# GTFO of my blog Urza



## Samutz (Mar 17, 2008)

When ever I view my blog, or anyone else's, I see 5 of Urza's homebrew posts, one from FAST, and a couple of NDS release posts. Then my blog posts are all the way at the bottom.

According to people on IRC, I'm the only one seeing this.
Already tried using a different skin, logging out, clearing cookies, etc.
It only shows up when I'm logged in.


----------



## JPH (Mar 17, 2008)

It's cuz Urza is fucking 1337


----------



## Destructobot (Mar 17, 2008)

I'm seeing the same thing. The blog pages have "GBAtemp.net -> Portal" as the page title, and all of the items I see on the portal show up before the blog entries.


----------



## Samutz (Mar 17, 2008)

I just figured out the problem.
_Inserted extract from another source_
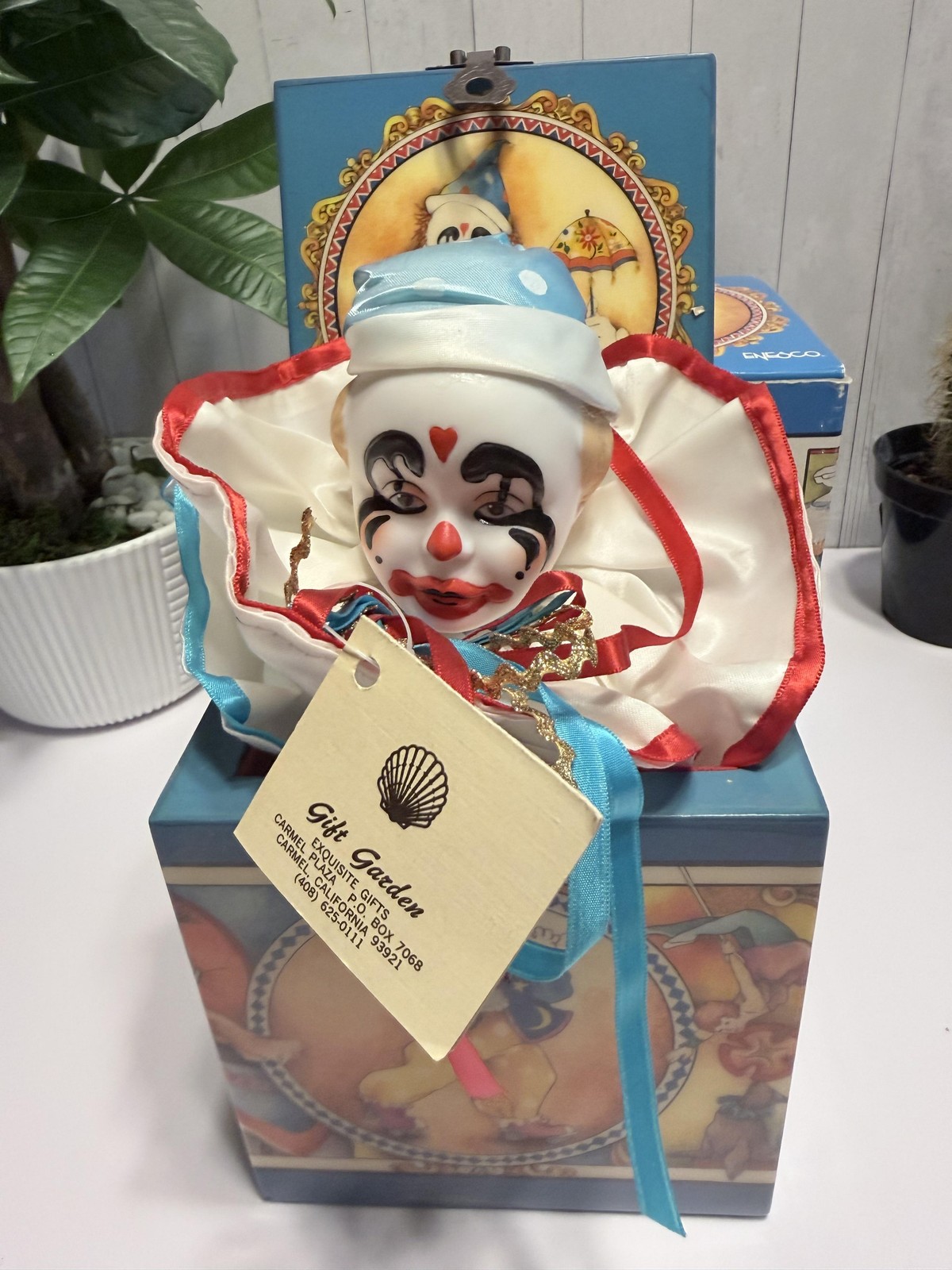 Vintage 1985 Enesco Willie The Clown Musical Jack In Box Medium Circus Decor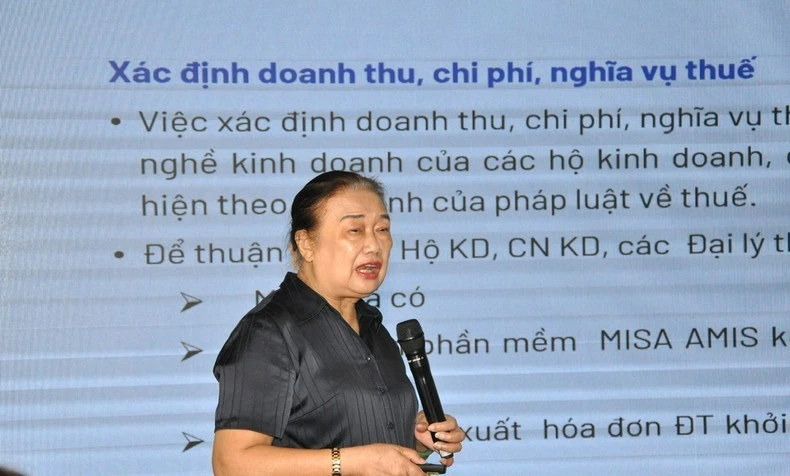 Bà Nguyễn Thị Cúc - Chủ tịch VTCA trình bày tham luận tại hội thảo.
Sort of.
I knew it wasn't doing this when I made my last long rant post (the one with the Indiana Jones-type logos), which was after the forum upgrade. Then I remembered the one thing that I've changed since that post is that I switched back to the old-style forum, because the new-style was pissing me off (I hates it!). So I changed back to the new-style and now the blog pages appear fine. It seems I'm stuck with the new-style portal because the old-style portal has too many bugs.


----------



## Neko (Mar 17, 2008)

I've got the same problem. I hope someone can fix this because I hate the new-style portal.


----------